In writing posts for this blog, I receive helpful feedback from Dee, my partner, and staff members at LexBlog.  In response to my post AP and Fairey Fair Use Dispute Resolved, one of the LexBlog staff members asked me how the AP/Fairey fair use situation differs from the Cooks Source Magazine controversy.  The specific question was whether my argument in the AP/Fairey post that Fairey created the market for the AP photo is valid when the editor of the Cooks Source Magazine was severely criticized online for copying a web article, editing it to improve it and publishing it in the magazine without permission.  The editor of Cooks Source Magazine arguably created a greater market for the web article.  The argument that the editor of Cooks Source Magazine helped the writer by copying her online article is invalid as a defense to copyright infringement, so why is a similar argument in the AP/Fairey case not also invalid?

For readers unfamiliar with the Cooks Source Magazine controversy, Caitlin Fitzsimmons provides a nice description in Cooks Source Magazine Forced to Close, Following Facebook Backlash.  Monica Gaudio posted a story called A Tale of Two Tarts  on the Gode Cookery website.  She discovered that Cooks Source Magazine republished the article without her permission.  When Ms. Gaudio contacted Judith Griggs, the editor of Cooks Source Magazine, about the infringement, she was told that content on the web is in the public domain and she should compensate Ms. Griggs for editing the story.  This account of the story was posted by Ms. Gaudio on her blog under Copyright Infringement and Me.  Ms. Griggs and the magazine became the subject of enough negative reaction on the Internet that the magazine lost advertisers and was forced to go out of business.

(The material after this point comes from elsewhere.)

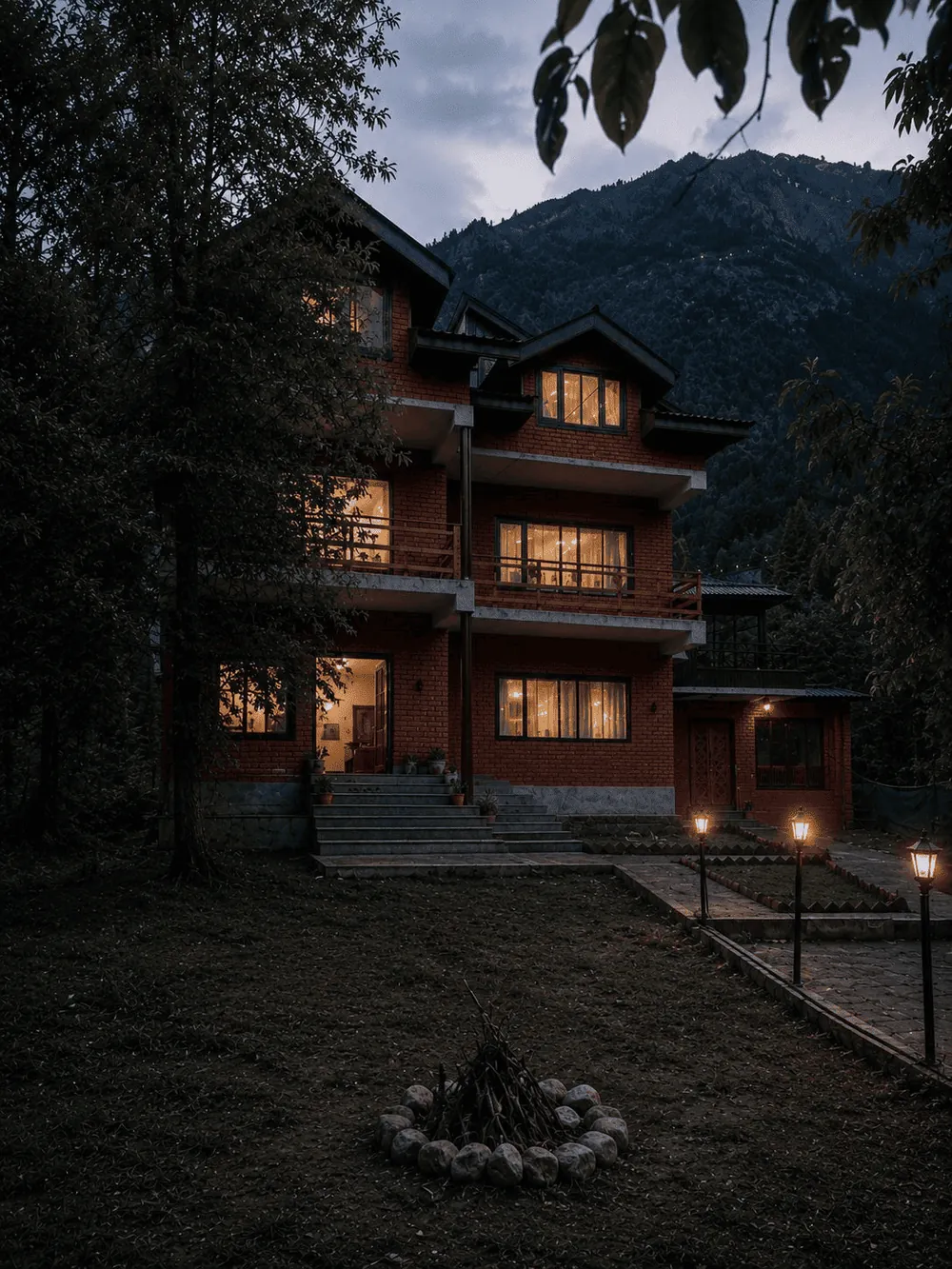 The Walnut House - Boutique Kashmir Retreat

Ms. Gaudio points out on her blog that the Gode Cookery webpage displays a copyright notice.  A writing on the Internet is protected by copyright law even though it does not display a copyright notice.  Copyright is created by the act of fixing an original work in any tangible medium of expression, such as posting an article on a website.  The use of a copyright notice has the benefit of eliminating the innocent infringer defense.  For example, the copier cannot credibly argue that she thought the copied work was in the public domain if it contains a copyright notice.  Most of the material posted on the Internet is not in the public domain.  The general rule for copying material from the Internet is that if you didn’t write it, the copyright belongs to someone else and that if you want to repost it or republish it without infringing the copyright, you need to get permission.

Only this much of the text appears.